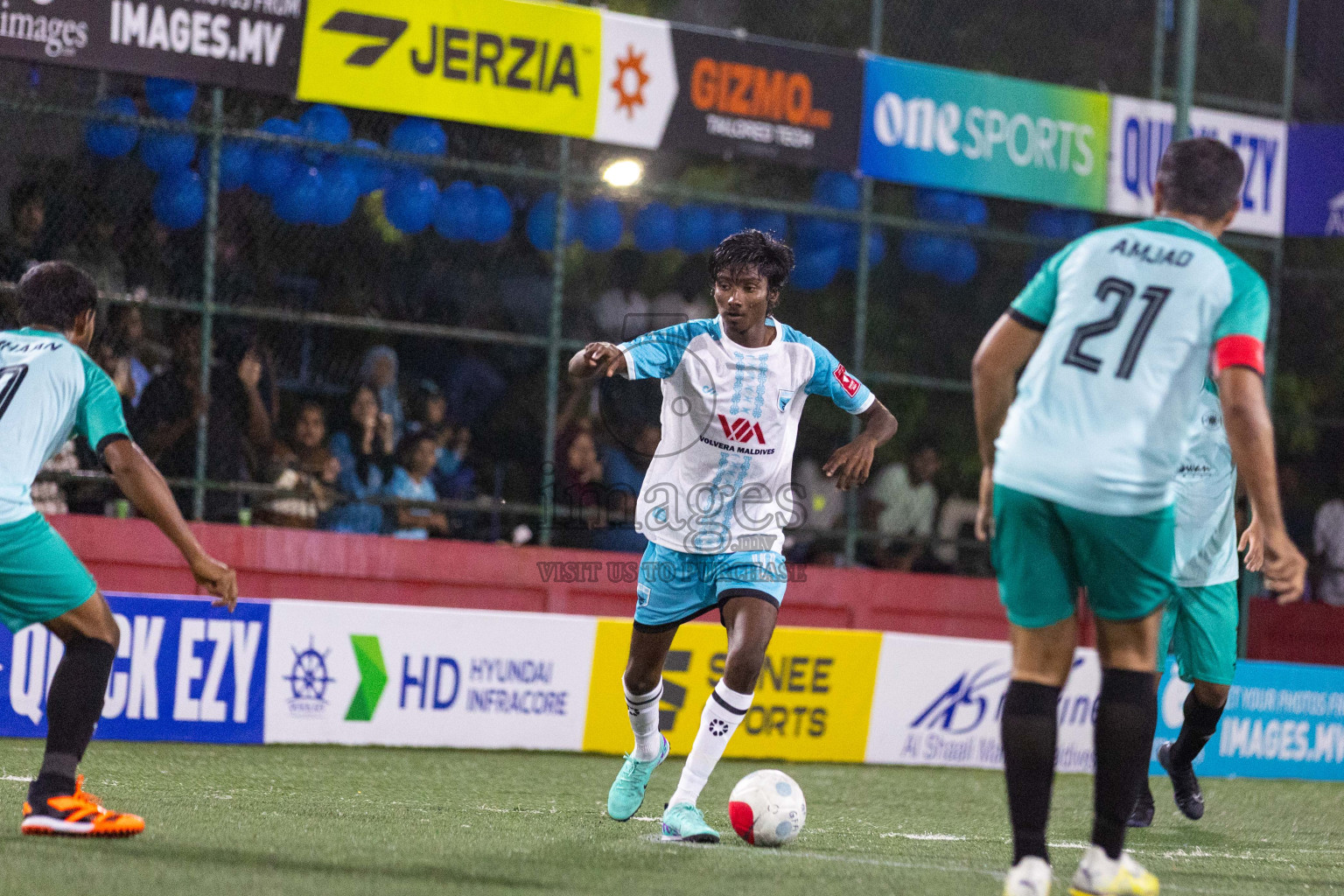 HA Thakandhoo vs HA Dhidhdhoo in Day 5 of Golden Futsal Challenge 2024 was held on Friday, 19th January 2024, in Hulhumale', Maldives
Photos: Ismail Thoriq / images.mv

...

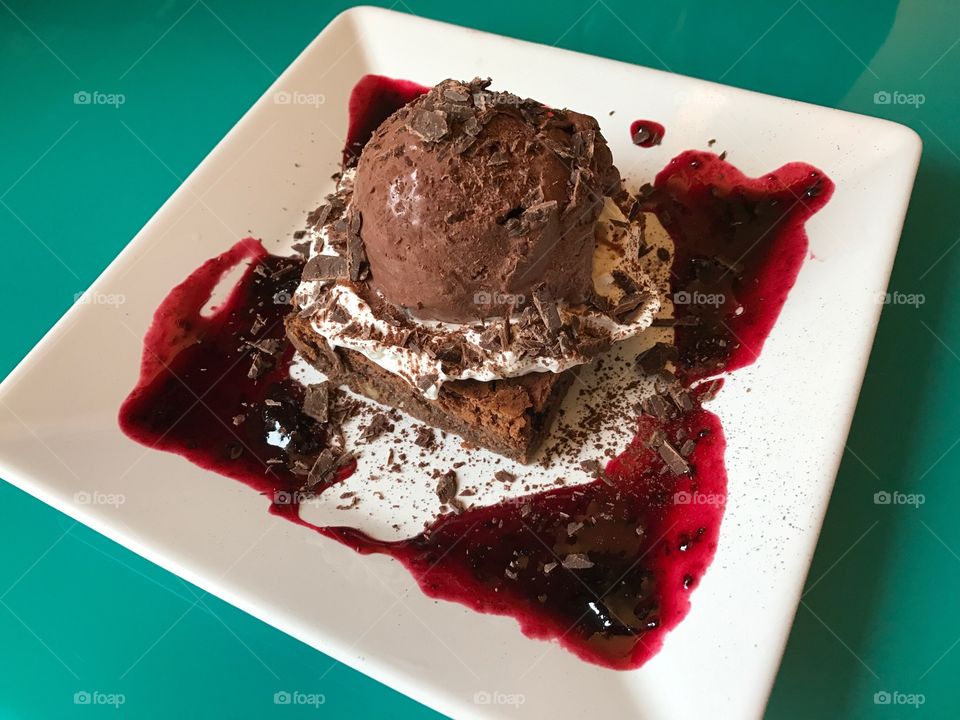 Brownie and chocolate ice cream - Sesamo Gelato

==

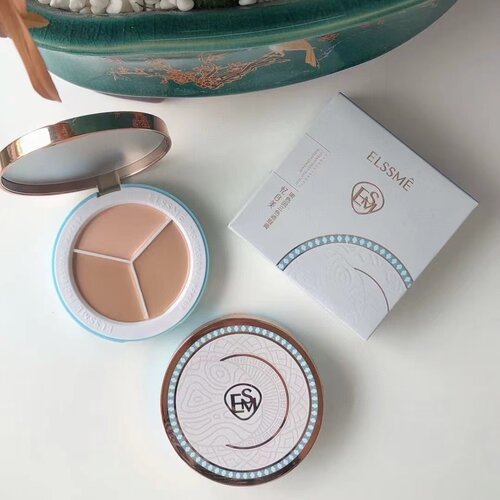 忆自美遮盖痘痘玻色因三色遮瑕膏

* **YOUR INSTRUCTIONS**: Look above for the line with "HA Thakandhoo vs" and the line with "Photos: Ismail Thoriq / images.mv", then copy exactly the lines from the first through the second, both kept, with no pictures.

* **RESPONSE TO THIS TASK**:
 HA Thakandhoo vs HA Dhidhdhoo in Day 5 of Golden Futsal Challenge 2024 was held on Friday, 19th January 2024, in Hulhumale', Maldives
Photos: Ismail Thoriq / images.mv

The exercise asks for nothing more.